Christian Hosam ’15: “It seems like AFAM is always in the midst of an existential crisis, and every five or six years, we ask, ‘Will the program be around in a year?'”
Provost: “There’s still a huge difference between visitors and tenured track, and at the end of the day, the department needs to come to us to say that they want those professors to be tenured track.”
“Both Professors Mahurin and Wright love Wesleyan and have both expressed that they wanted to stay”
Provost: “It’s not uncommon that professors will leave Wesleyan after five or six years, and there are certain opportunities at other colleges that we can’t match.”
“I still think you’re avoiding the question of: Why is it a pattern that these professors are leaving Wesleyan?”
Then how can the department go in a direction if there’s no one there to go with it??
Provost: “There are no professors who are tenured track in the AFAM line.”
Roth: “I understand that replacing people on an interim basis is not helpful. But we don’t want to hire someone permanently and then find out that they’re not going in the direction that the department is going in.”
in 2009 there were 7 tenured professors in AFAM and now there are 2– although this is being debated contentiously
@hermes yes Profs Brown and Rushdy are both English professors
@kgibbel: But apparently the two profs left in AFAM are both English profs?
Roth: “There used to be lots of professors in AFAM and they left it.”
Christian Hosam ’15: “And why do you think that is?”
Roth: “You’ll have to ask them.”
Sadasia McCutcheon ’17: “But why do YOU think that is from an administrative standpoint?”
Well over 100 students are packed into PAC 001.
Professors don’t find institutional help when trying to augment and better the AFAM department, causing some to come disillusioned and leave the department (ex: Prof. Ulysse and Prof. Demetrius Eudell)
“When we performed the sit-in in North College today, all the doors on the third floor of North College were locked, and in my four years here, I’ve never seen that happen.”
President Roth continues to try and interrupt Kwame Adams ’14.
Fact: The two profs left in the AFAM department are both English professors.
“AFAM is supposed to be interdisciplinary, but there are no courses in sociology, psychology, economics…Most of them are in African Lit, and it’s a very watered down version of African American studies.”
Comes out that there are no AFAM courses cross-listed with SOC or ECON, perhaps because AFAM doesn’t have enough social science professors
Provost: “When professors want to keep faculty, they go to the provost and deans and request to extend their contracts. The AFAM department did not request her, though we reached out to them to keep her at Wesleyan.”
Provost Weissman says that she has been trying since the summer to strengthen the program and help all of the students who want to take AFAM succeed.
It comes out that Professor Mahurin was going to leave Wesleyan regardless because of the package Wes gave her.

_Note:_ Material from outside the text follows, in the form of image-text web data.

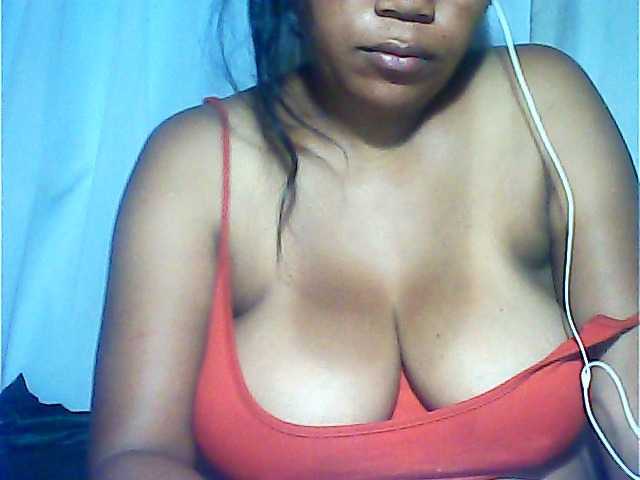 MIRANDAW's BongaCams show and profile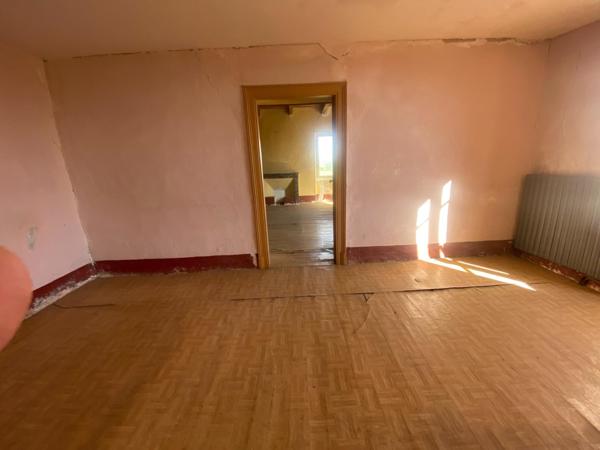 Maison, grange, dépendances, grand terrain.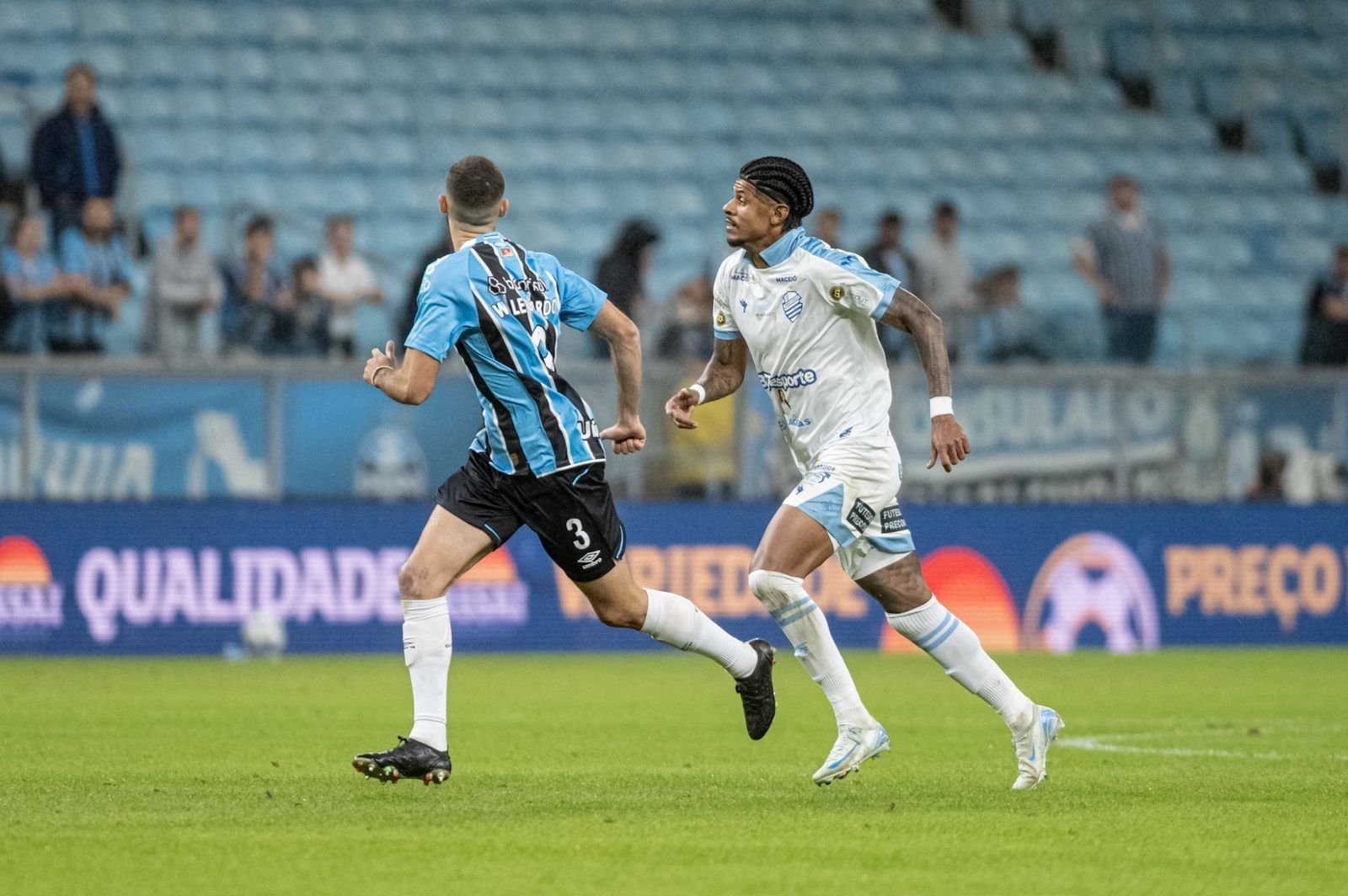 CSA aguarda torcida no desembarque após vitória histórica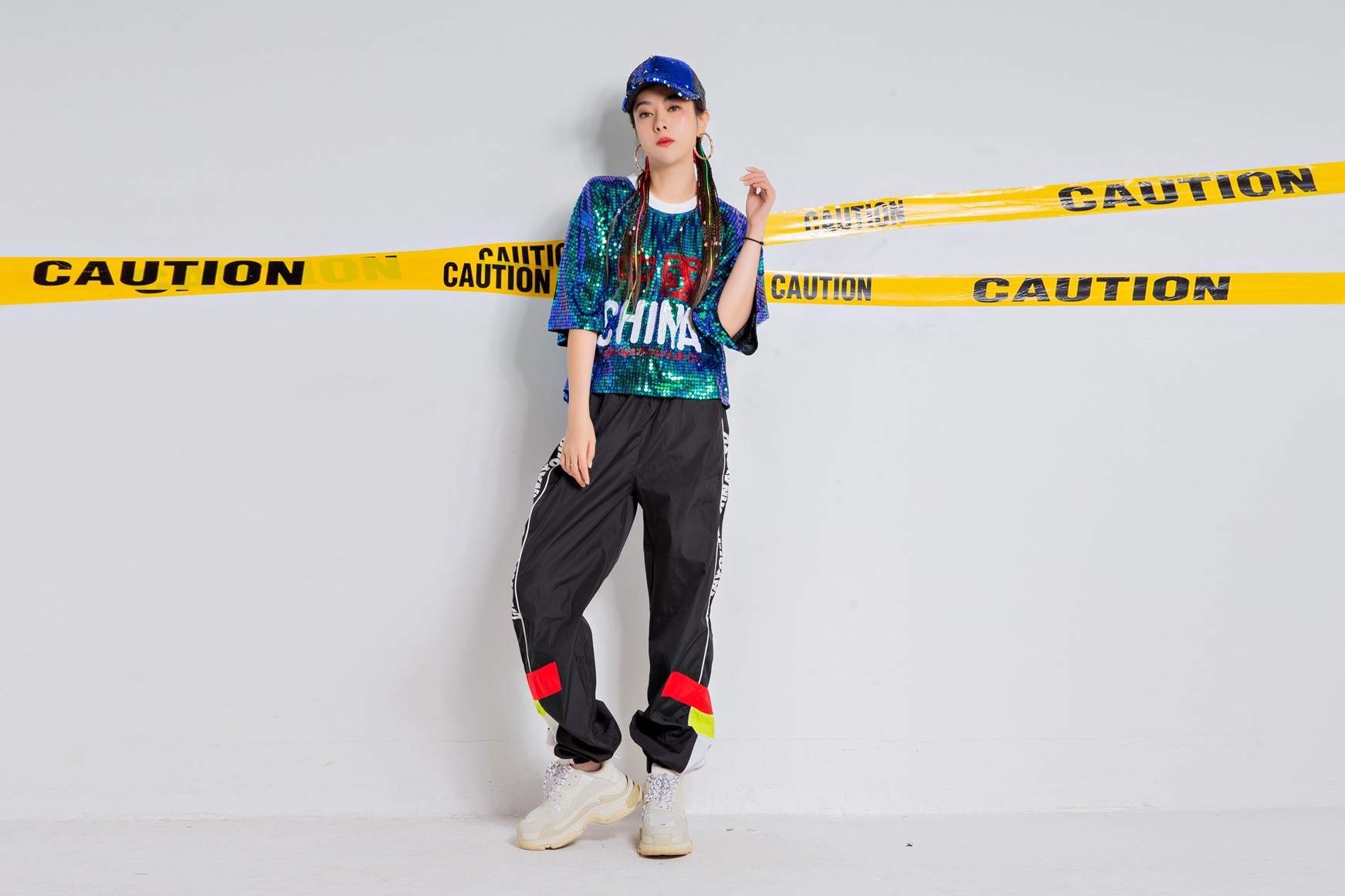 新款成人嘻哈街舞现代舞演出服爵士亮片上衣t恤舞蹈舞台表演服装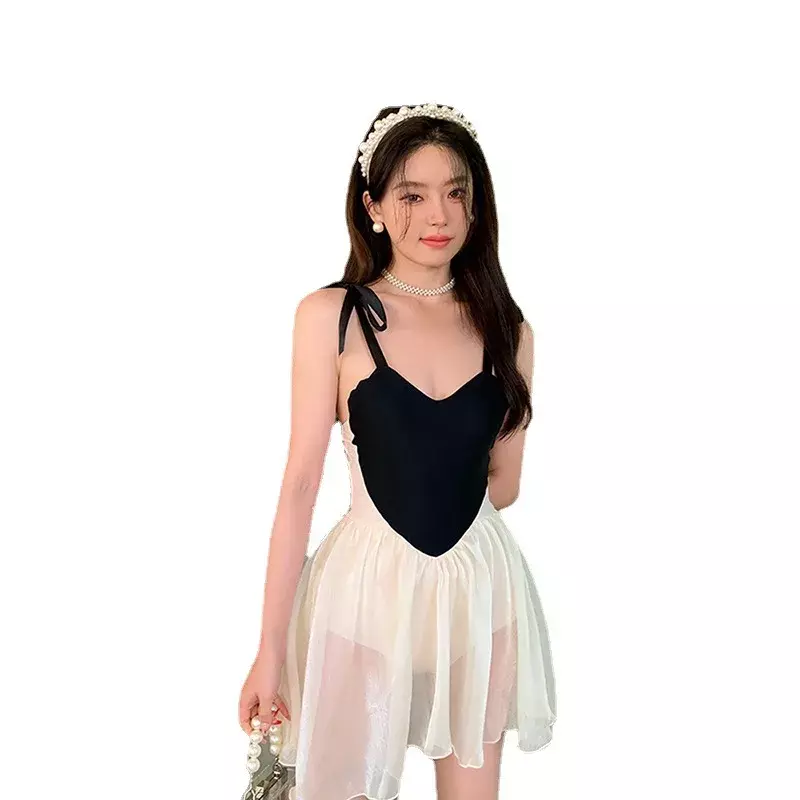 Luksusowe stroje kąpielowe damskie koreańskie francuskie niszowe kokardka w kształcie serca z dekoltem w szpic, jednoczęściowy strój kąpielowy z miseczkami na piersi rekreacyjne gorące źródła
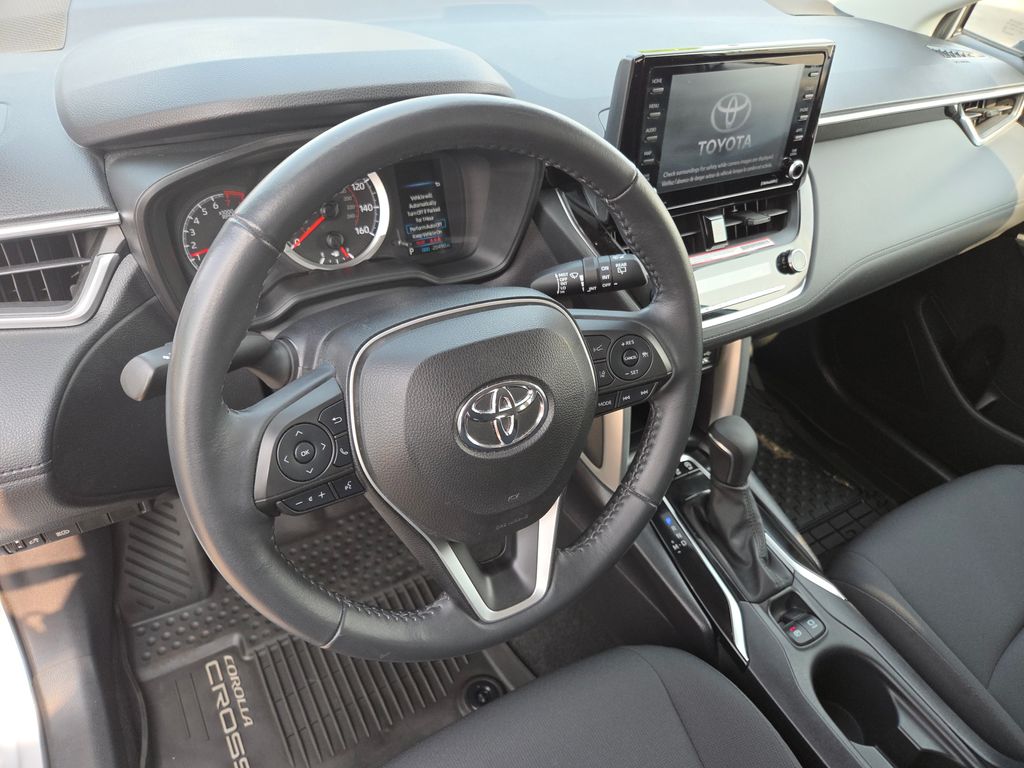 2022 Toyota Corolla Cross LE photo 13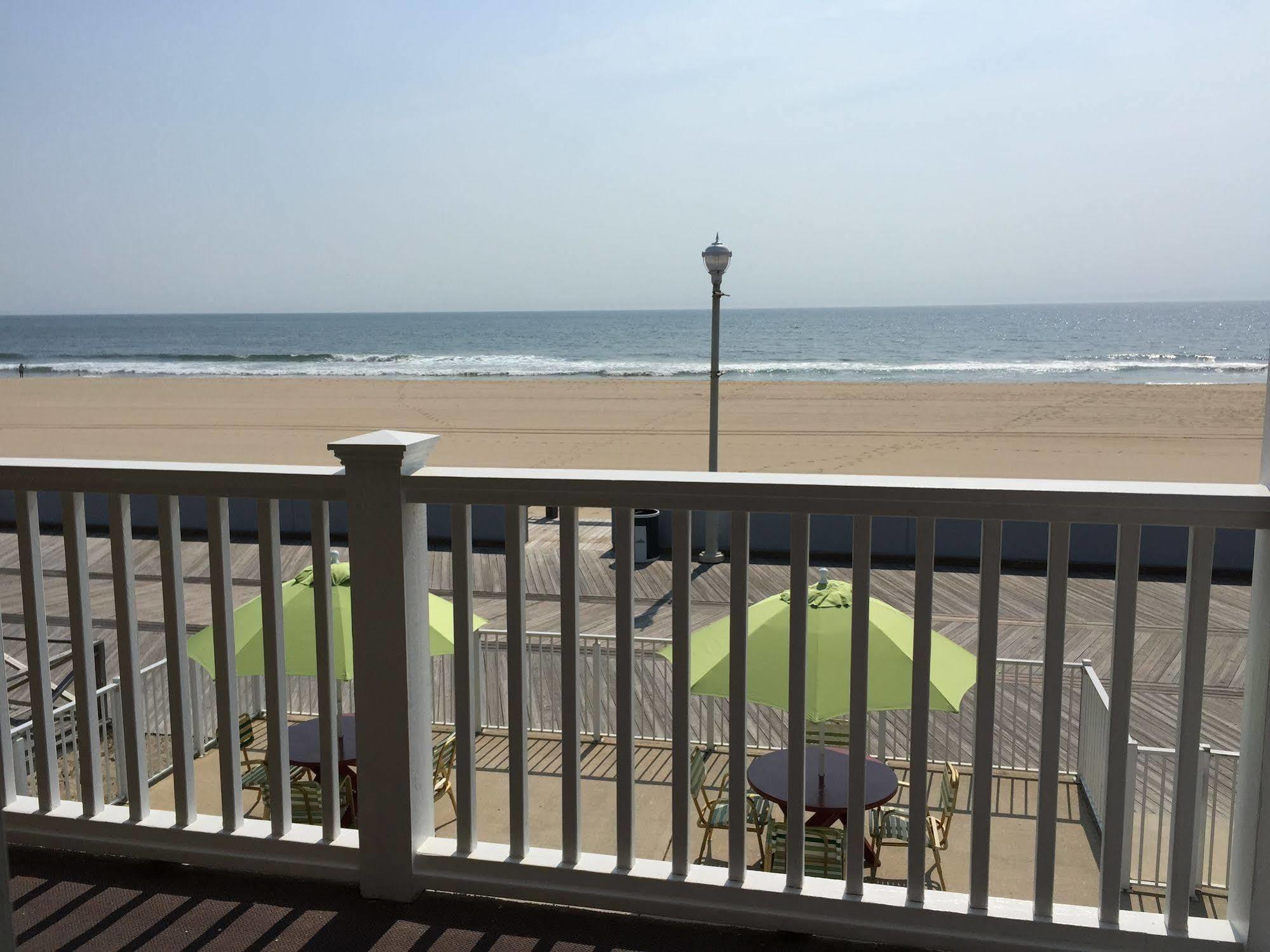 Fish Tales Boardwalk Inn & Ocean Mecca Motel Ocean City Extérieur photo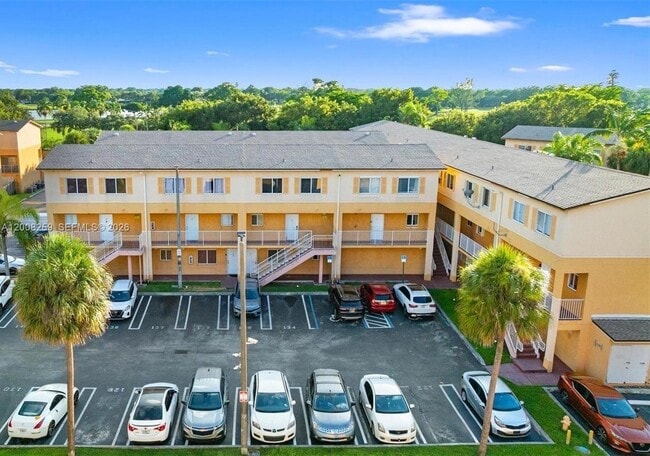 Photo - 6235 SW Kendale Lakes Cir Unit 239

Professor Roth says that the University tried to give the two AFAM profs leaving competitive offers, but unfortunately, they decided to pursue studies elsewhere.
President Roth says he’s sorry that Professor Mahurin and Professor Wright are leaving– they have both been vital members of the AFAM program and of the Wes community
Maurice Hill ’14 a senior interviewer points out that academia needs to be inclusive
Dean Wood has arrived
Another picture from the march this morning:
Another 10-15 students have entered the room.
Wesleying writer alt chimes in to say that ethnic studies as a whole at Wesleyan are on the decline, including diaspora, Asian American Studies. They are prevalent in literature classes, but not so much outside of that cadre.
Here’s a picture from the march this morning (taken by Chris Caines ’16):
Christian Hosam ’15 introduces what the AFAMIsWhy movement wants: more full tenured track positions for the African American Studies Program.
Over 80 students are present in the room.
Students marched all over Wesleyan this morning, ended in a sit-in at North College. Because of this, President Roth and Provost Weissman decided to meet for this forum.
Meeting just started. To recap: the AFAM department will only have 1 full time professor next year.